I’ve always been obsessed with reading books that aren’t textbooks about mathematics. I have almost half a bookshelf filled with these books. I love (when I have time) reading articles about modern mathematics in Quanta magazine. I’ve sometimes formally incorporated reading books about math in my classes in the distant past (a variety of books and articles in multivariable calculus; a book called Weaponized Lies: How to Think Critically in the Post Truth Era in my Algebra 2 class). And for many years, I’ve reached out to kids and set up many math book clubs, where we meet over lunch for a few different times to read books about math. I even was once interviewed about this, and wrote an article about this.
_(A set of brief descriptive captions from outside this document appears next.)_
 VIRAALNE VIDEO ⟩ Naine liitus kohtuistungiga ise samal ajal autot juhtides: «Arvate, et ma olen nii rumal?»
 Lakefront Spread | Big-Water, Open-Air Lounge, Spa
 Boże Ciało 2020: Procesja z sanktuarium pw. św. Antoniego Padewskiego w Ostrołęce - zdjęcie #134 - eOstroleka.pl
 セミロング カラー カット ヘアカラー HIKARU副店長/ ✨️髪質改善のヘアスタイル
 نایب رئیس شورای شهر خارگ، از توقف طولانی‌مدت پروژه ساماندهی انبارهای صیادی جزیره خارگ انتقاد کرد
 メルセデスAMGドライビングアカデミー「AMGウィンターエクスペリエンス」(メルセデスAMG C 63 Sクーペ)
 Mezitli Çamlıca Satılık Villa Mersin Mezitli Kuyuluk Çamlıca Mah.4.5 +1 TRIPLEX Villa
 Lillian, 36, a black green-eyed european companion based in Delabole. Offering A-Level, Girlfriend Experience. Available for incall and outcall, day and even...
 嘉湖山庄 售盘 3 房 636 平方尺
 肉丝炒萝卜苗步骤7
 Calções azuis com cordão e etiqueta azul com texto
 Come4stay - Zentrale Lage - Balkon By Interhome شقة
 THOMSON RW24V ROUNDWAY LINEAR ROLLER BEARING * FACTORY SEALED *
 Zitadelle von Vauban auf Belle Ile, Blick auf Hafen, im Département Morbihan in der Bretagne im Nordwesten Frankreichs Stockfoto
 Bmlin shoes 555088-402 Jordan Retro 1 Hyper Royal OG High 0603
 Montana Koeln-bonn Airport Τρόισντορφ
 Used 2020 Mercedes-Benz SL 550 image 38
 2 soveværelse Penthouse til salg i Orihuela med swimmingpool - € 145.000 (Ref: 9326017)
So why not formalize this into a class?
The biggest benefit I can see for the class would be introducing students to what modern mathematics is, so they don’t leave thinking mathematicians are just doing precalculus or calculating integrals in their ivory towers. Just like kids in physics will learn that the physical world is weird and wild when they are introduced to the ideas of quantum mechanics and relativity (even though they aren’t delving into the nitty gritty) in high school, I’d like a way for kids taking this class to learn that the mathematical world is weird and wild… and most importantly: human. A course like this will humanize math for students.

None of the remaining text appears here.